END OF SIDE 1 TAPE 1; BEGINNING OF SIDE 2 TAPE 1
Beutler: -- And it's still true today that there are those who were trained by the previous generation of hematologists who believe that morphology is the beginning and end of hematologic diagnosis. They were trained to believe that you have to look personally at every blood film of every patient that you see. And I don't think they do it, but they feel guilty about not doing so. I don't personally study each blood film and I don't feel guilty about it. So I believe that at that time, perhaps, the strong morphologic roots of hematology were more heavily represented in research. But in the environment in which I was, that wasn't really nearly as true. We were studying physiology and biochemistry, and the main change has been that one can now extend this by investigating the biochemistry of the DNA and the RNA, which we couldn't do earlier because the technology hadn't been developed.

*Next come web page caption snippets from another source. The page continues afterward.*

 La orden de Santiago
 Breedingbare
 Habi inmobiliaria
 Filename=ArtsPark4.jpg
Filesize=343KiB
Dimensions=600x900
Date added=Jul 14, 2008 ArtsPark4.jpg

Q: One of the things I asked you to do with your curriculum vitae was to highlight what you felt were the most important research contributions, and one of the things you did, you highlighted a series of articles on primaquine, if that's the correct pronunciation, and I was wondering why you chose to highlight those and how that fits into the themes that you're talking about now.
Beutler: Primaquine sensitivity was a phenomenon in which certain individuals, usually black, sometimes of Mediterranean origin, develop severe anemia every time they took the drug primaquine. Our work showed that this was due to a hereditary enzyme deficiency, glucose 6 phosphate dehydrogenase deficiency. There are about 200 million people in the world who have this deficiency. So it's pretty important, and basically my studies were instrumental in leading to that discovery.

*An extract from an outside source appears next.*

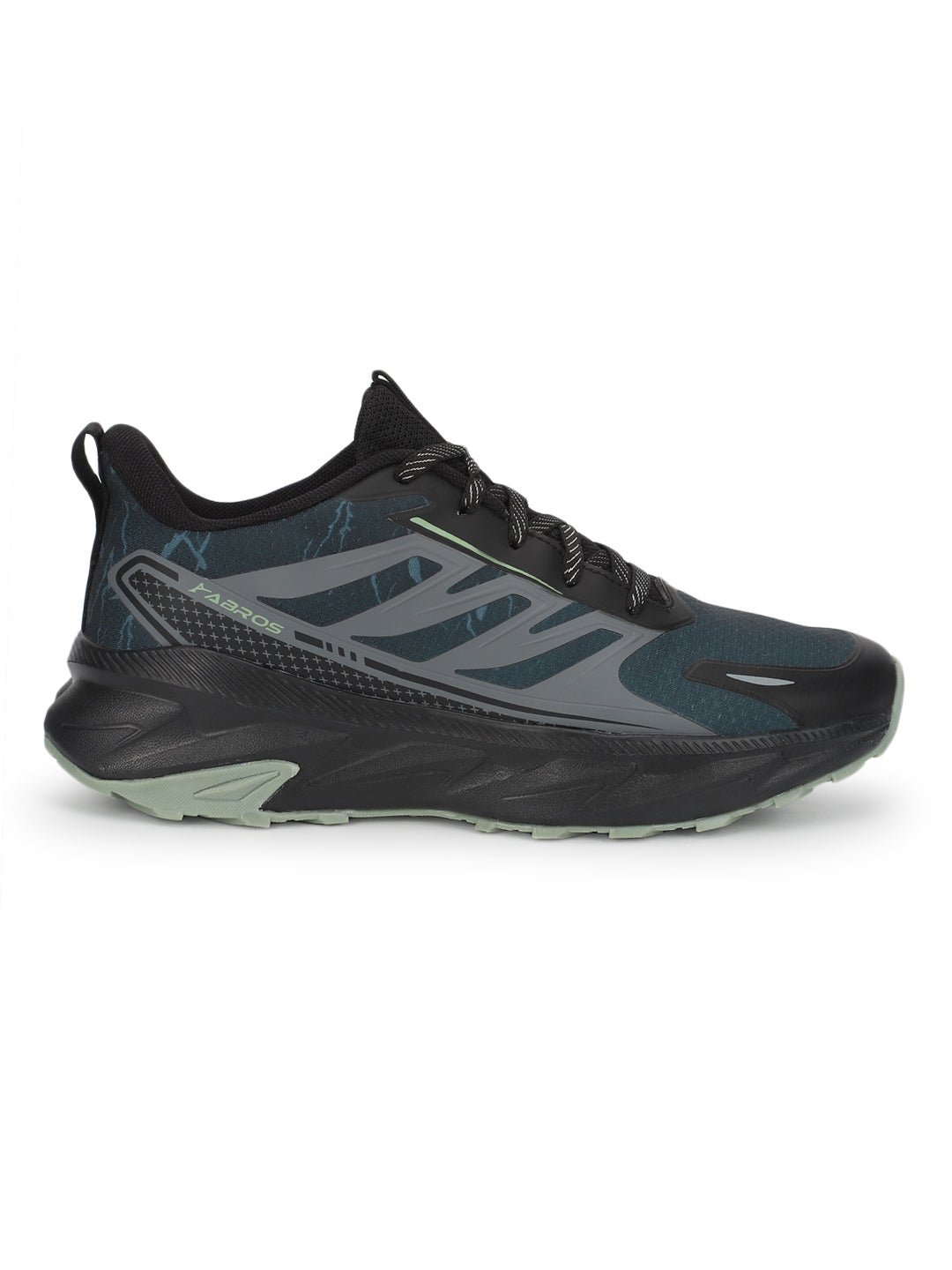 SHADES Sports Shoes For Men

Q: What was that drug used primarily for?
Beutler: For malaria. It was actually developed during World War II when the supply of quinine was cut off from Southeast Asia, and it was an analogue of a drug that was used earlier, actually introduced in the 1920s. It was called pamaquinine or plasmoquin. And pamaquinine or plasmoquin had fairly favorable anti-malarial properties, but it produced severe and even fatal anemia in some susceptible individuals. When primaquine was developed as an analogue of plasmoquin, it had the same properties. It was a good anti-malarial --probably better than plasmoquin but it also caused hemolytic anemia. When I entered the army in 1953 after my second year of residency at the University of Chicago, I was assigned to the Army Malaria Research Project in Joliet. This was not a coincidence, because that project was run by the University of Chicago, I'd been a resident at the University of Chicago in hematology, and one of the problems in which they were interested was this kind of anemia. And so, my major projects during my year there was to investigate the cause of that anemia. It was those investigations led to the discovery that the defect was in the enzyme glucose 6 phosphate dehydrogenase. That's why I consider those articles to be important.
Q: How were those studies constructed? In other words I notice that many of them were published in the Journal for Laboratory and, Clinical-Medicine.
Beutler: That's right.
Q: And then you published a summary somewhere, some years later in Blood. I'm wondering about your co-authors. How those studies were put together, how the clinical studies were actually -‑
Beutler: The senior person in charge of those studies was Alf Alving. Alf Alving was not a hematologist. He was a nephrologist and quite frankly he really didn't understand very much about the studies. His name appears in the all the papers and it did use to wound us a little bit in our younger days when the studies were referred to "That fine work that Alving did", because Alving really hadn't done any of it. There were basically two people who did the work. One was Raymond J. Dern (deceased 2001) and the other myself. Ray Dern was also assigned to Joliet as a military officer. He had been a resident also at the University of Chicago. But he was some years senior to me and also had a Ph.D. in physiology, from the University of Rochester. Ray Dern has retired recently. He lives in Redondo Beach. He and I utilized what was then a quite new technique of chromium-51 survival of red cells. We took red cells from primaquine sensitive individuals, labeled them with chromium-51, transfused them into non-sensitive individuals, and then showed that those cells were destroyed when primaquine was given to non-sensitive individuals.
Q: Could you describe that technology?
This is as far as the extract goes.